In this thesis, I present a homogenization scheme for acoustic metamaterials that is based on reproducing the lowest orders of scattering amplitudes from a finite volume of metamaterials. This approach is noted to differ significantly from that of coherent potential approximation, which is based on adjusting the effective medium parameters to minimize scatterings in the long wavelength limit. With the aid of metamaterials' eigenstates, the effective parameters such as mass density and elastic modulus can be obtained by matching the surface responses of a metamaterial's structural unit cell with a piece of homogenized material. From Green theorem applied to the exterior domain problem, matching the surface responses is noted to be the same as reproducing the scattering amplitudes. We verify our scheme by applying it to six examples from three different wave-types: elastic shear waves, acoustic pressure waves, and decorated-membrane systems who is the coupling of the formal two. It is shown that the predicted characteristics and wave fields agree almost exactly with numerical simulations and experiments, and the scheme's validity is constrained by the number of dominant surface muli-poles instead of the usual long wavelength assumption. In particular, the validity extends to the full band in one dimension and to regimes near the boundaries of the Brillouin zone in two dimensions.

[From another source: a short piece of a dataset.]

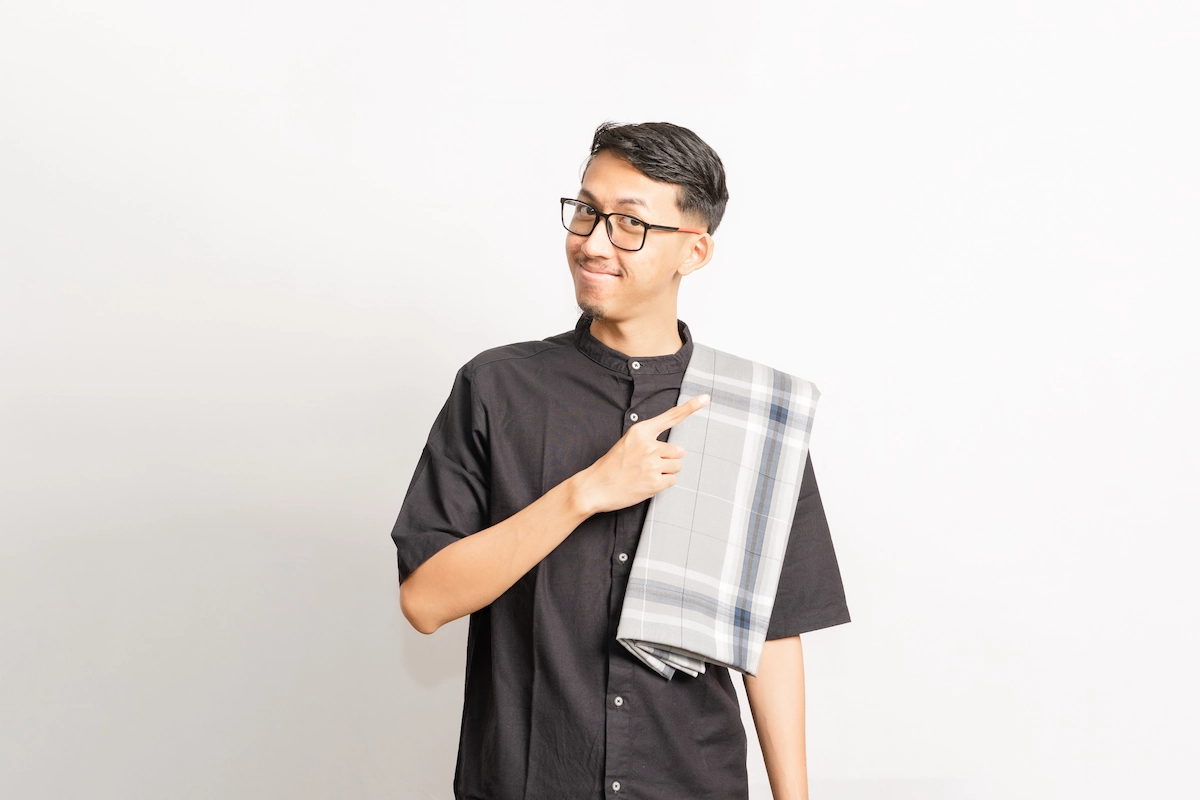 Cara Mencuci Sarung agar Tetap Bersih & Wangi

The understandings and relevant techniques of the homogenization scheme facilitate the design of metamaterials. The acoustic metasurface is presented as an example. We show that by covering a hard reflecting surface by a decorated elastic membrane that is separated from the surface by a gap that is on the order of 1 to 2 cm, one can realize robust surface resonances, each hybridized from two membrane eigenmodes, which enable perfect impedance matching to airborne sound. Experiment confirms a hybrid resonance at 152 Hz accompanied by a total absorption of acoustic energy. Owing to the large displacement of the surface resonance, an acoustic to electric energy conversion efficiency of 23% has been achieved, thereby making the system an acoustic-electric transducer.